At Crossley Hall we take the safeguarding of pupils extremely seriously. This includes the safeguarding against Radicalisation.
Below are signs and indicators of radicalisation. If you have concern that someone you know be it adult or child is being subjected to potential radicalisation you can contact either Michael Thorp at: PREVENT@crossleyhall.com or dial 101 and speak to the police.
Safeguarding pupils from radicalisation is no different from safeguarding them from other forms of harm. It is important to recognise that any signs or indicators of concern should be reported as set out in your institution’s procedures regardless of whether you believe them to suggest that the pupil is vulnerable to extremist radicalisation or other, more well-known, abuse.
Many of the signs and indicators that are known to us through the safeguarding training and experience are also indicators of being vulnerable to radicalisation. One form of abuse does not exclude another and indeed, many indicators will suggest concerns which don’t fit neatly into one form of abuse or another.
People being radicalised are subject to abuse of one form or another. They are being drawn into an environment which leads them, often of their own free will into a single focused mind-set and commitment to engage with a set of values and behaviours which are not in their best interests or that of their family and friends.
Safeguarding issues such as child sexual exploitation and grooming are very closely connected with radicalisation in terms of strategies used by ‘recruiters’. The signs and indicators, therefore may be the same. If you are concerned about a pupil or colleague then talk to your safeguarding lead. They will use their expertise to decide on the next step.

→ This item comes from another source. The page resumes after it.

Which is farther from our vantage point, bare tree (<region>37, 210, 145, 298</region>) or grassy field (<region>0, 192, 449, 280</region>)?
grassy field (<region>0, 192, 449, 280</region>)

Indicators of radicalisation or safeguarding concerns in general.
There is no clear profile of someone who is vulnerable to radicalisation. From recent known examples we know only that no one group of people become radicalised and go on to be involved with violent or non-violent extremist activities.
Please remember that the following are only signs and indicators of potential issues of concern, including radicalisation. It is always necessary to have more information as these behaviours may well be demonstrations of pupils flexing their independence and learning about new aspects of life. The examples below on their own, do not mean that the student has necessarily been subject to radicalisation.
- Alongside the known indicators of abuse such as child sexual exploitation and on-line bullying, the following may provide additional guidance;
- Pupils changing their behaviour or appearance
- Pupils adopting styles of clothes associated with groups with whom they have had no previous connection – this could be faith or political based
- Pupils becoming isolated from friends, peers or family members
- Pupils becoming involved with groups of pupils who have strong ideological ideas
- Pupils viewing websites which contain extremist ideologies or symbols
- Pupils attempting to recruit others to an extremist ideology or cause
- Pupils vocalising extremist ideologies
- Pupils using extremist language
- Pupils questioning identity and sense of belonging
- Pupils glorifying current terrorist activity seen in the media
- Pupils displaying extreme behaviour related to ideology and / or religion
- Pupils requesting extended holidays to regions known to be unsafe or places not associated with the family
- Pupils possessing or discussing extremist material Family not being aware of absences from classes
- Family raising additional concerns about the individual and their behaviour
- Identifying extremist literature being distributed by pupils or external visitors
- Overhearing extremist language and conversations
- Concerns about known vulnerable pupils being targeted inside or outside the institution
- Use of prayer facilities which are contrary to institution policy
- Groups of unknown people gathering close to the school, campaigning or fund raising for known extremist, or unknown organisations
- Study of extremist websites or literature unless part of genuine academic study.